Defendant also argues that Cope is no longer good law because it was decided prior to
Black. There, the United States Supreme Court examined two cases under Virginia's ban
on cross burning. The Virginia law provided:
"It shall be unlawful for any person or persons, with the intent of intimidating
any person or group of persons, to burn, or cause to be burned, a cross on the property of
another, a highway or other public place. . . .
"Any such burning of a cross shall be prima facie evidence of an intent to
intimidate a person or group of persons." (Emphasis added.) Va. Code Ann. § 18.2-423
(Michie 1996).
The Court held the statute unconstitutional because the "prima facie evidence"
provision meant that a person could be convicted of cross burnings done to convey a
message other than to intimidate or to convey no message at all. It stated: "The provision
permits the Commonwealth to arrest, prosecute, and convict a person based solely on the
fact of cross burning itself. It is apparent that the provision as so interpreted '"would
create an unacceptable risk of the suppression of ideas."' [Citations omitted.]" (Emphasis
added.) Black, 538 U.S. at 365.
Defendant argues that Black established that intent is a requirement for a true
threat.
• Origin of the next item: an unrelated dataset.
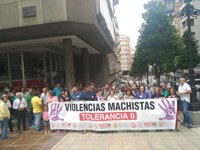 Los sindicatos se concentran por el último asesinato machista y recuerdan que "hay miles de Juanas en España"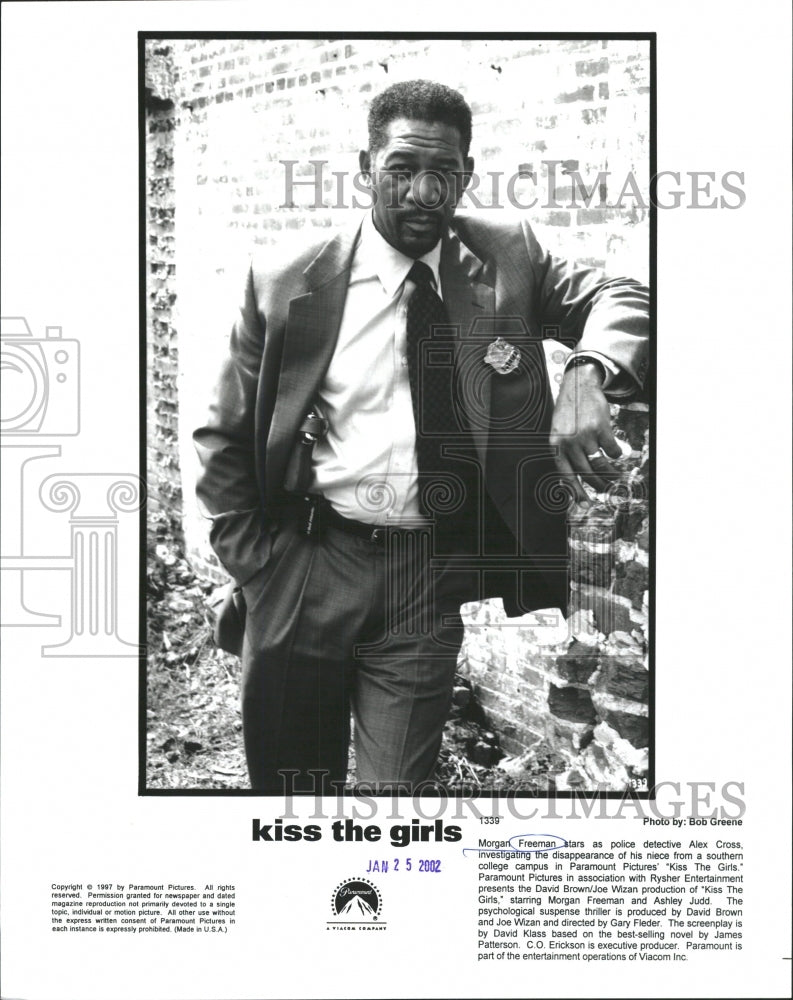 2002 Press Photo Kiss Girl Morgan Freeman Star Police - RRW33081 - Historic Images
He implies that any statute using any mens rea standard less than intent to threaten
encompasses expression beyond true threats and is thus overbroad. But Black did not rule
on what level of mens rea is necessary in a criminal threat statute. Black involved a
criminal statute that expressly included a showing of subjective intent—a Virginia statute
banning cross burning with an intent to intimidate a person or group of persons. The
constitutional necessity of that provision was never at issue. Black invalidated the
Virginia statute because the intent element of its statute was vitiated by its prima facie
8
provision; the statute was overbroad because it could ensnare any individual who burned
a cross for any or no reason. 538 U.S. at 365.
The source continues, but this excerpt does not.